From The Chronicle:
Religious Intelligence reports that the acclaimed German philosopher Jürgen Habermas has spoken in support of the Archbishop of Canterbury on the subject of Shariah.
The archbishop, the Most Rev. Rowan Williams, caused a stir in February when he said there might be room in Britain for “overlapping jurisdictions” between national law and Shariah, or Islamic law. He suggested that “individuals might choose in certain limited areas whether to seek justice under one system or another.” [...]
Writing this month in a German journal, in an article adapted from a March talk at the University of Tilburg in the Netherlands, Habermas, according to Religious Intelligence, “accepted the contention of secularists who insist on the ‘absolute essentialness of equal inclusion of all citizens in civil society.’”
“Religious citizens and religious communities should not only assimilate on the surface level. They must embrace the secular legitimisation of the community within the premises of their own belief,” he said.
“However, the state must make room for religious belief and avoid rushing to reduce the polyphonic complexity of the spectrum of public voices because it cannot be certain that this might not sever society from the meager resources that generate meaning and identity.”
Some material from the linked "Religious Intelligence" article:
Habermas also questioned the contention that modernisation presumed secularisation and necessarily lead to a diminished role for religion in the public sphere. Europe was entering a post-secular phase, and its loss of religious beliefs was the exception not the rule, he argued.
America was the “spearhead of modernization,” he noted, but "the vibrancy of American religious communities and the unchanging proportion of America's religious committed citizens" belied the theory of secularisation going hand in hand with modernity.
America “seems to exemplify the norm, while Western rationalism that was once supposed to serve as model for the rest of the world is actually the exception,” he said.

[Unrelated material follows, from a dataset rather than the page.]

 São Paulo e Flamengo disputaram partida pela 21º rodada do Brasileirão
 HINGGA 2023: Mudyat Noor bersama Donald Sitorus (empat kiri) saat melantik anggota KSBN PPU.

The task facing society was to find the proper balance between the claims of religion and culture against the democratic imperative, becoming aware “of the fact that the other is a member of an inclusive community of citizens of equal rights, in which equal citizenship and cultural difference complement each other."
Muslims in Europe "must not only superficially adjust to a constitutional order. They are expected to appropriate the secular legitimation of constitutional principles under the very premises of their own faith,” Habermas said.
However, secularists must also enter a complementary learning process, for if they continued to reject the people with a religious mindset, they were abandoning the mutual recognition that shared citizenship entails.
Secular citizens must remain open to the possibility that even religious utterances, when translated into a secular context, can have meaning for them. "As not everything can be achieved by political decision and legal enforcement,” Habermas concluded.